Sepsis patients with platelet counts less than 50 x 109/L are considered to have sepsis-induced thrombocytopenia (24), which has a high mortality and poor prognosis. It was reported that non-resolution of thrombocytopenia was associated with increased 28-day mortality, instead of thrombocytopenia itself (9). Currently, there is no effective treatment for this condition. Infection control, organ support therapy and immune response regulation remain the mainstream treatments. In recent years, recombinant human thrombopoietin (rhTPO) was reported improving platelet count and reducing platelet transfusion possibility among patients with severe sepsis and thrombocytopenia in a prospective study (11). In another research, it suggested that rescue therapy with rhTPO could rapidly lead to a recovery of the platelet count, increase survival days and reduce the 28-day mortality in sepsis patients with severe thrombocytopenia (25). Nevertheless, Yu Liu et al. found that rhTPO is efficacious in increasing the patients' platelet counts, resulting in a shorter ICU stay time (9.20 ± 5.38 vs 10.88 ± 6.82, p = 0.047) for patients with severe thrombocytopenia or patients with severe sepsis, while there was no significant difference in 28-days mortality ( rhTPO group: 25.0% vs. control group: 34.1%, p = 0.158) between the two groups (26). Therefore, whether patients with sepsis-induced thrombocytopenia can benefit from rhTPO therapy still remains a question according to the controversial results.
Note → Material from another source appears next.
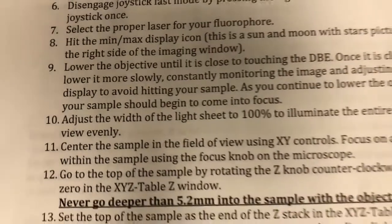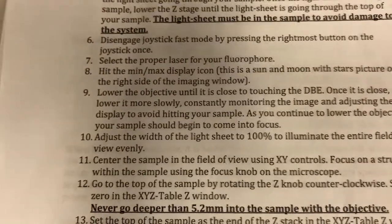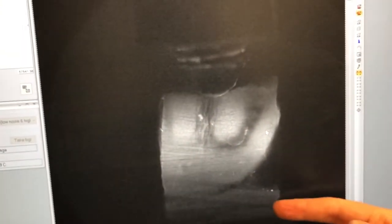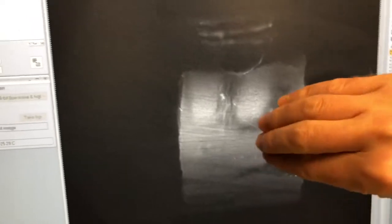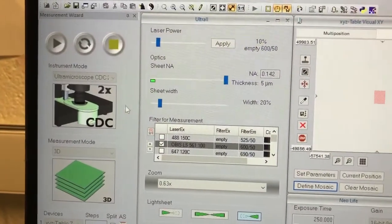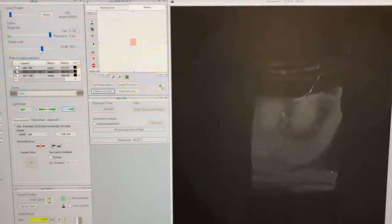Next, adjust the width of the light sheet to 100% to illuminate the entire field of view evenly. The sheet width refers to the width in the Y dimension. Right now, part of the sample is much better illuminated than the lower part — we don't want that. By moving the sheet width slider to the right, we distribute the light more evenly. The illumination gets more even but dimmer, because we're distributing the same amount of light over a bigger region.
Platelet transfusion is a regular clinical practice in thrombocytopenic patients for preventing or treating hemorrhages. Approximately 1,937,000 platelet component transfusions are given in the United States in 2017(27). There are some evidences suggesting that platelet transfusion is associated with adverse effects including infection (28). Some experts believe that conventional platelet transfusion therapy may worsens patient's procoagulant and anticoagulant disorders. However, the other study noted that platelet transfusion was not associated with increased mortality or infective complications following first cardiac surgery (29). A recent publication by Ning S and colleagues reported that platelet transfusions were not associated with increased risk of death in critically ill patients neither in ICU (HR, 0.78; 95%CI, 0.60–1.02; p = 0.41) nor in hospital (HR, 0.89; 95%CI, 0.68–1.09; p = 0.41)(16). In our study, we found nearly the same result among sepsis patients with thrombocytopenia, that platelet transfusion was not associated with increased risk of 28-day mortality or LOS-ICU. Regarding to our negative finding, platelet transfusion cannot benefit patients with sepsis-induced thrombocytopenia, which may also put patients into a potential risk of infection, it is reasonable to avoid unnecessary transfusions.
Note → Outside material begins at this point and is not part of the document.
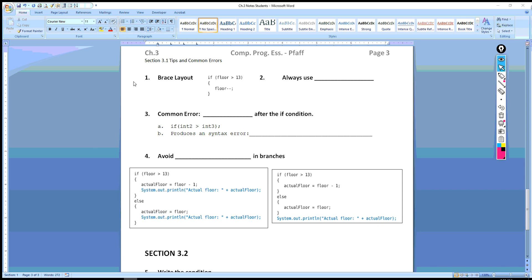This video is going to take us through some notes to finish up section 3.1 and move on to section 3.2 in the textbook. We have page three of our notes which you're supposed to have received in class. If you didn't, it's available in the assignment so you can print that out.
In present study, there are still several limitations. Firstly, as a retrospective design, the adjustment of relevant but missing data was not allowed. Although we did perform propensity score matching to reduce the imbalance, estimation of the propensity score could only be based on the acquirable data. Secondly, bacteria species and sources that were not recorded in our data could not be included in the analysis. Thirdly, patients who have been administrated with β-lactam or sulfa antibiotics, which may result in antibiotic-induced thrombocytopenia, did not excluded in this study. Lastly, well-organized prospective randomized clinical trials are required to analyze the role of platelet transfusion in sepsis-induced thrombocytopenia and identify patients most likely to benefit from platelet transfusion.